CDP has multiple deployment methodologies in both public cloud and on-premises. These form factors have multiple, interrelated mechanisms for storing data at various organizational levels within the cluster. Each layer has specific requirements related to how and whether data should be replicated. These layers include local file storage on individual nodes, HDFS, and Ozone.
HDFS must be configured for high availability (HA). Three components that enable high availability of data on HDFS are Namenode, Journalnode, and Datanode services. Multiple cluster leader nodes run both Namenode and JournalNode services to maintain the filesystem metadata.
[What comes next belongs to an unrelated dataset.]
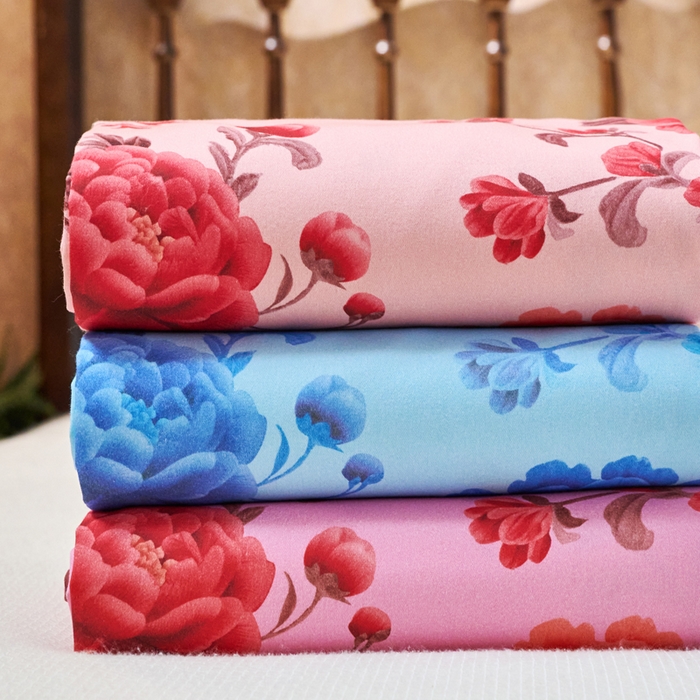 91家纺网 家纺一手货源 找家纺 春皖家纺 2026新款老上海A类国民全棉老粗布床单怀旧经典粗布床单（提供买家秀） 组合图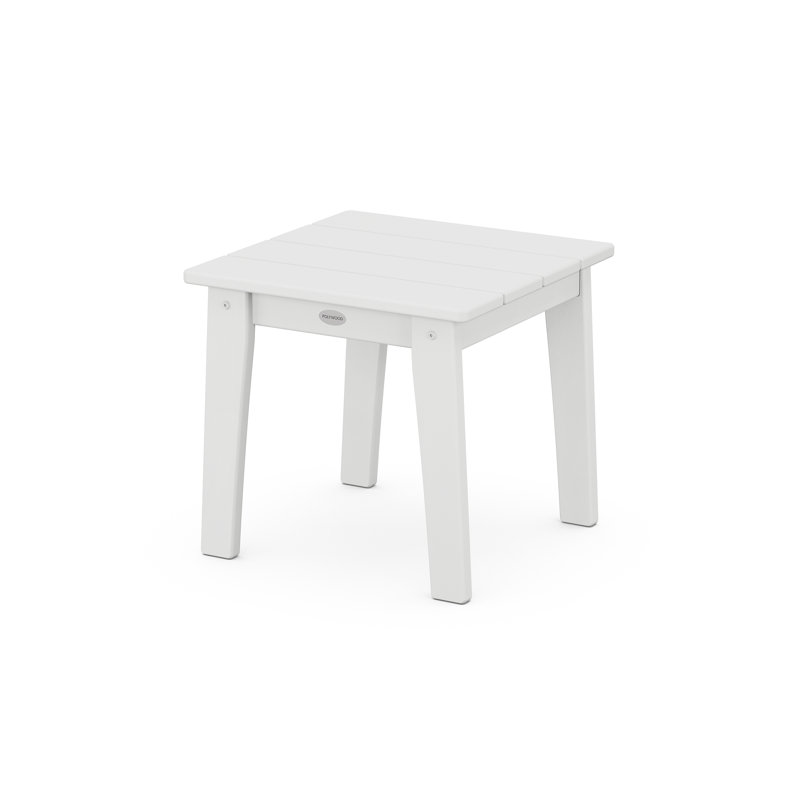Lakeside End Table, White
Datanode services run on each worker node, maintaining the individual data blocks and providing data availability through block replication.
For information about enabling high availability on HDFS, see Enabling HA on HDFS with Cloudera Manager.
HDFS utilizes the DistCp tool to replicate data between clusters. CDP utilizes Replication Manager within Cloudera Manager to manage the replication policies for a given directory structure in HDFS. Replication Manager utilizes a version of the DistCp tool specific for Cloudera, to integrate with CDP cluster management. Replication policies are triggered on a periodic basis, providing an asynchronous replication path for data on HDFS. HDFS supports replicating encrypted data safely across clusters. HDFS Transparent Data Encryption must be enabled for encrypting data at rest.
For information about utilizing Replication Manager for HDFS data replication, see HDFS Replication
Ozone must be configured for high availability. Three components that enable high availability for data on Ozone are Ozone Manager, Storage Container Manager, and Datanode services. The Ozone Manager and Storage Container Manager run on multiple leader nodes to maintain availability of the object store metadata and background operational tasks. Datanode services run on each Ozone worker node, maintaining individual data blocks and providing data availability through replication.
Backup can be achieved by using DistCp to replicate data between separate clusters. Currently, this is facilitated through direct use of the DistCp tool and manually scheduling these through an orchestration tool like Oozie.
Local file system
You may have local file system synchronization requirements between the two disaster recovery clusters. These areas are outside the scope of this document and CDP replication capabilities do not cover this use case.